* What you are asked to do
Give back every line of the data, word for word.

* Exercise data
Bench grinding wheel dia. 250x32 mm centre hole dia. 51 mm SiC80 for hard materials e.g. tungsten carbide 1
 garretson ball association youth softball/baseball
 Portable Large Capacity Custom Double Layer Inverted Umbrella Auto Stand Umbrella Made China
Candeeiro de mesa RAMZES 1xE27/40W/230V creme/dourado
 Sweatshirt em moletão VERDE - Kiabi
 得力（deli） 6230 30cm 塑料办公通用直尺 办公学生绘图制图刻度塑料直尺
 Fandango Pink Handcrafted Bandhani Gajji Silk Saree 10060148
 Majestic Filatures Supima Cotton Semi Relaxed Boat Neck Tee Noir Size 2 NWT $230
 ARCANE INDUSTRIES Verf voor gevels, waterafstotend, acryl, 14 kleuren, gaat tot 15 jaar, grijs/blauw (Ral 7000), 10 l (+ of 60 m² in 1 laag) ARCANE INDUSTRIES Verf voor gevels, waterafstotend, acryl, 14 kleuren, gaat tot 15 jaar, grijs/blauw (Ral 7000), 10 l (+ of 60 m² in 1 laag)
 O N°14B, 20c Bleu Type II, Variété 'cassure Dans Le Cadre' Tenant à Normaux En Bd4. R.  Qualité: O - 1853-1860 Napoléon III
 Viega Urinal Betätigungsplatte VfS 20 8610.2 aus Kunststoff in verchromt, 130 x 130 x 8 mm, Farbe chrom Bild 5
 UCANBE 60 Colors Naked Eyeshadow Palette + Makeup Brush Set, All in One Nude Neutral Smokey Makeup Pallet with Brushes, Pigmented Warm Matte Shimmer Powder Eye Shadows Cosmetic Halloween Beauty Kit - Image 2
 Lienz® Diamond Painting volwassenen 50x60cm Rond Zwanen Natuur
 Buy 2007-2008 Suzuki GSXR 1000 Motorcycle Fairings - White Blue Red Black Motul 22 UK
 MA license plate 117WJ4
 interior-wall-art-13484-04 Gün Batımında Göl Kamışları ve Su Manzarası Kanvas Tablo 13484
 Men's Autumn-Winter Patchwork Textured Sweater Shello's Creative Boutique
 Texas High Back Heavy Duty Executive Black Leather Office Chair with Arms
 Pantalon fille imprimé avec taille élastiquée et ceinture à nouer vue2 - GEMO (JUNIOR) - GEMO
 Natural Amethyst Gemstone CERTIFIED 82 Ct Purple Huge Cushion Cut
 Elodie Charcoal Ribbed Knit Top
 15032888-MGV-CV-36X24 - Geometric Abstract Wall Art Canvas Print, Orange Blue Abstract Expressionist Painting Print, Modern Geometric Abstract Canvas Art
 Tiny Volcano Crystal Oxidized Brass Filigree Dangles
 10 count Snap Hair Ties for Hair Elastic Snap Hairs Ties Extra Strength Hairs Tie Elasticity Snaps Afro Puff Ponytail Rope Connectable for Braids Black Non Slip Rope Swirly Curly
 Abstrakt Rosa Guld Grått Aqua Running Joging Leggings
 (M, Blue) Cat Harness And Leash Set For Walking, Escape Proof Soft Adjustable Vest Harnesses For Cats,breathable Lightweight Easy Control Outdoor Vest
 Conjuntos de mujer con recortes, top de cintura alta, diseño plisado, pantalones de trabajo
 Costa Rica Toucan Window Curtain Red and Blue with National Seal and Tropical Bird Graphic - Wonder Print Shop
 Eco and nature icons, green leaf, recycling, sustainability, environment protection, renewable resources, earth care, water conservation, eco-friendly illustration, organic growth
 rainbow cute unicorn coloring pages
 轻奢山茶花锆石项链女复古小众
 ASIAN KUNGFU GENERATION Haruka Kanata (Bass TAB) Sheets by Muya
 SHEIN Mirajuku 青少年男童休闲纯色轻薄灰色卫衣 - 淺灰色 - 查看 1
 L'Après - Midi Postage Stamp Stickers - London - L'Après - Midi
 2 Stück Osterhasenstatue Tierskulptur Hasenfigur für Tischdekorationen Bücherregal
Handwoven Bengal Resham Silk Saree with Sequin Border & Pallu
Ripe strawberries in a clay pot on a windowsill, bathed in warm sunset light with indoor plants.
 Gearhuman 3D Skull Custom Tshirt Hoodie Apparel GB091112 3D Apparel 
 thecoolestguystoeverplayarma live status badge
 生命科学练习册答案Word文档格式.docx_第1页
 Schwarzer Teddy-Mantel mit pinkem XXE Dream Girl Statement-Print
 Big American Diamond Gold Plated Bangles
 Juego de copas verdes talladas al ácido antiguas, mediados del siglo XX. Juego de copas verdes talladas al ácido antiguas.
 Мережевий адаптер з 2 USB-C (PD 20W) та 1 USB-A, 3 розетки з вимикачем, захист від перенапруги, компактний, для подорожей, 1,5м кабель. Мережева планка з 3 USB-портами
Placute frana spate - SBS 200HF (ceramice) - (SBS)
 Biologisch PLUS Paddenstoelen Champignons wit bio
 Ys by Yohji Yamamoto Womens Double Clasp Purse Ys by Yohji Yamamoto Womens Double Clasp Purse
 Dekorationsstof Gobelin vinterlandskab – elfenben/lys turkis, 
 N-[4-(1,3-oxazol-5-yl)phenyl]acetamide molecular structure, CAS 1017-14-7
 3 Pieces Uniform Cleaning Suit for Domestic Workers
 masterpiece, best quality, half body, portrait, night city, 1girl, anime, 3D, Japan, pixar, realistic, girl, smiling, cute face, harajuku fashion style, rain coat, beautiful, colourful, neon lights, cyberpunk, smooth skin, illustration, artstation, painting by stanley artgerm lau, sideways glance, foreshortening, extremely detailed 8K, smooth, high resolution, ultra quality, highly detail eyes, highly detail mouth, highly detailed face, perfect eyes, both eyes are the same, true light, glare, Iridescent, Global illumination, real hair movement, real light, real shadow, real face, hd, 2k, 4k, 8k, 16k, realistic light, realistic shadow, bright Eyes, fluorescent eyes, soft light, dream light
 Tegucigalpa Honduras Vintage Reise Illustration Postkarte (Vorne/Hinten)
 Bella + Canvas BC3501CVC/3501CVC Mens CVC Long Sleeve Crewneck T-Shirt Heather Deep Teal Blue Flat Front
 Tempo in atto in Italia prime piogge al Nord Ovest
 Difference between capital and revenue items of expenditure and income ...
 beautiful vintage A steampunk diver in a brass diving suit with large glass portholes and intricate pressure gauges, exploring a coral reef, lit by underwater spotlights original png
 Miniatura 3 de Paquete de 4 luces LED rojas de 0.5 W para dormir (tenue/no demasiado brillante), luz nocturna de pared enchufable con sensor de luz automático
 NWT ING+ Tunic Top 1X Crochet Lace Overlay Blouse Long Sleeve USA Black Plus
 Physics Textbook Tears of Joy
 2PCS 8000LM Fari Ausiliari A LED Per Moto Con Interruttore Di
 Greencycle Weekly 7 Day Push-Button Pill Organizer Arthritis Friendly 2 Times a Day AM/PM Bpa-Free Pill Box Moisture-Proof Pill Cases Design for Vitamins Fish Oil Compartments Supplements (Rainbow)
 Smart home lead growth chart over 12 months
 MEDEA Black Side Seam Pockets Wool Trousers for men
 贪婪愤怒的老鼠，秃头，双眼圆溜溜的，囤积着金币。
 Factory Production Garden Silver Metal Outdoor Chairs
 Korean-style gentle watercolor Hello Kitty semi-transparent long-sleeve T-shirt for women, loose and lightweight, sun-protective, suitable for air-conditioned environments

* Solution to this task
Bench grinding wheel dia. 250x32 mm centre hole dia. 51 mm SiC80 for hard materials e.g. tungsten carbide 1
 garretson ball association youth softball/baseball
 Portable Large Capacity Custom Double Layer Inverted Umbrella Auto Stand Umbrella Made China
Candeeiro de mesa RAMZES 1xE27/40W/230V creme/dourado
 Sweatshirt em moletão VERDE - Kiabi
 得力（deli） 6230 30cm 塑料办公通用直尺 办公学生绘图制图刻度塑料直尺
 Fandango Pink Handcrafted Bandhani Gajji Silk Saree 10060148
 Majestic Filatures Supima Cotton Semi Relaxed Boat Neck Tee Noir Size 2 NWT $230
 ARCANE INDUSTRIES Verf voor gevels, waterafstotend, acryl, 14 kleuren, gaat tot 15 jaar, grijs/blauw (Ral 7000), 10 l (+ of 60 m² in 1 laag) ARCANE INDUSTRIES Verf voor gevels, waterafstotend, acryl, 14 kleuren, gaat tot 15 jaar, grijs/blauw (Ral 7000), 10 l (+ of 60 m² in 1 laag)
 O N°14B, 20c Bleu Type II, Variété 'cassure Dans Le Cadre' Tenant à Normaux En Bd4. R.  Qualité: O - 1853-1860 Napoléon III
 Viega Urinal Betätigungsplatte VfS 20 8610.2 aus Kunststoff in verchromt, 130 x 130 x 8 mm, Farbe chrom Bild 5
 UCANBE 60 Colors Naked Eyeshadow Palette + Makeup Brush Set, All in One Nude Neutral Smokey Makeup Pallet with Brushes, Pigmented Warm Matte Shimmer Powder Eye Shadows Cosmetic Halloween Beauty Kit - Image 2
 Lienz® Diamond Painting volwassenen 50x60cm Rond Zwanen Natuur
 Buy 2007-2008 Suzuki GSXR 1000 Motorcycle Fairings - White Blue Red Black Motul 22 UK
 MA license plate 117WJ4
 interior-wall-art-13484-04 Gün Batımında Göl Kamışları ve Su Manzarası Kanvas Tablo 13484
 Men's Autumn-Winter Patchwork Textured Sweater Shello's Creative Boutique
 Texas High Back Heavy Duty Executive Black Leather Office Chair with Arms
 Pantalon fille imprimé avec taille élastiquée et ceinture à nouer vue2 - GEMO (JUNIOR) - GEMO
 Natural Amethyst Gemstone CERTIFIED 82 Ct Purple Huge Cushion Cut
 Elodie Charcoal Ribbed Knit Top
 15032888-MGV-CV-36X24 - Geometric Abstract Wall Art Canvas Print, Orange Blue Abstract Expressionist Painting Print, Modern Geometric Abstract Canvas Art
 Tiny Volcano Crystal Oxidized Brass Filigree Dangles
 10 count Snap Hair Ties for Hair Elastic Snap Hairs Ties Extra Strength Hairs Tie Elasticity Snaps Afro Puff Ponytail Rope Connectable for Braids Black Non Slip Rope Swirly Curly
 Abstrakt Rosa Guld Grått Aqua Running Joging Leggings
 (M, Blue) Cat Harness And Leash Set For Walking, Escape Proof Soft Adjustable Vest Harnesses For Cats,breathable Lightweight Easy Control Outdoor Vest
 Conjuntos de mujer con recortes, top de cintura alta, diseño plisado, pantalones de trabajo
 Costa Rica Toucan Window Curtain Red and Blue with National Seal and Tropical Bird Graphic - Wonder Print Shop
 Eco and nature icons, green leaf, recycling, sustainability, environment protection, renewable resources, earth care, water conservation, eco-friendly illustration, organic growth
 rainbow cute unicorn coloring pages
 轻奢山茶花锆石项链女复古小众
 ASIAN KUNGFU GENERATION Haruka Kanata (Bass TAB) Sheets by Muya
 SHEIN Mirajuku 青少年男童休闲纯色轻薄灰色卫衣 - 淺灰色 - 查看 1
 L'Après - Midi Postage Stamp Stickers - London - L'Après - Midi
 2 Stück Osterhasenstatue Tierskulptur Hasenfigur für Tischdekorationen Bücherregal
Handwoven Bengal Resham Silk Saree with Sequin Border & Pallu
Ripe strawberries in a clay pot on a windowsill, bathed in warm sunset light with indoor plants.
 Gearhuman 3D Skull Custom Tshirt Hoodie Apparel GB091112 3D Apparel 
 thecoolestguystoeverplayarma live status badge
 生命科学练习册答案Word文档格式.docx_第1页
 Schwarzer Teddy-Mantel mit pinkem XXE Dream Girl Statement-Print
 Big American Diamond Gold Plated Bangles
 Juego de copas verdes talladas al ácido antiguas, mediados del siglo XX. Juego de copas verdes talladas al ácido antiguas.
 Мережевий адаптер з 2 USB-C (PD 20W) та 1 USB-A, 3 розетки з вимикачем, захист від перенапруги, компактний, для подорожей, 1,5м кабель. Мережева планка з 3 USB-портами
Placute frana spate - SBS 200HF (ceramice) - (SBS)
 Biologisch PLUS Paddenstoelen Champignons wit bio
 Ys by Yohji Yamamoto Womens Double Clasp Purse Ys by Yohji Yamamoto Womens Double Clasp Purse
 Dekorationsstof Gobelin vinterlandskab – elfenben/lys turkis, 
 N-[4-(1,3-oxazol-5-yl)phenyl]acetamide molecular structure, CAS 1017-14-7
 3 Pieces Uniform Cleaning Suit for Domestic Workers
 masterpiece, best quality, half body, portrait, night city, 1girl, anime, 3D, Japan, pixar, realistic, girl, smiling, cute face, harajuku fashion style, rain coat, beautiful, colourful, neon lights, cyberpunk, smooth skin, illustration, artstation, painting by stanley artgerm lau, sideways glance, foreshortening, extremely detailed 8K, smooth, high resolution, ultra quality, highly detail eyes, highly detail mouth, highly detailed face, perfect eyes, both eyes are the same, true light, glare, Iridescent, Global illumination, real hair movement, real light, real shadow, real face, hd, 2k, 4k, 8k, 16k, realistic light, realistic shadow, bright Eyes, fluorescent eyes, soft light, dream light
 Tegucigalpa Honduras Vintage Reise Illustration Postkarte (Vorne/Hinten)
 Bella + Canvas BC3501CVC/3501CVC Mens CVC Long Sleeve Crewneck T-Shirt Heather Deep Teal Blue Flat Front
 Tempo in atto in Italia prime piogge al Nord Ovest
 Difference between capital and revenue items of expenditure and income ...
 beautiful vintage A steampunk diver in a brass diving suit with large glass portholes and intricate pressure gauges, exploring a coral reef, lit by underwater spotlights original png
 Miniatura 3 de Paquete de 4 luces LED rojas de 0.5 W para dormir (tenue/no demasiado brillante), luz nocturna de pared enchufable con sensor de luz automático
 NWT ING+ Tunic Top 1X Crochet Lace Overlay Blouse Long Sleeve USA Black Plus
 Physics Textbook Tears of Joy
 2PCS 8000LM Fari Ausiliari A LED Per Moto Con Interruttore Di
 Greencycle Weekly 7 Day Push-Button Pill Organizer Arthritis Friendly 2 Times a Day AM/PM Bpa-Free Pill Box Moisture-Proof Pill Cases Design for Vitamins Fish Oil Compartments Supplements (Rainbow)
 Smart home lead growth chart over 12 months
 MEDEA Black Side Seam Pockets Wool Trousers for men
 贪婪愤怒的老鼠，秃头，双眼圆溜溜的，囤积着金币。
 Factory Production Garden Silver Metal Outdoor Chairs
 Korean-style gentle watercolor Hello Kitty semi-transparent long-sleeve T-shirt for women, loose and lightweight, sun-protective, suitable for air-conditioned environments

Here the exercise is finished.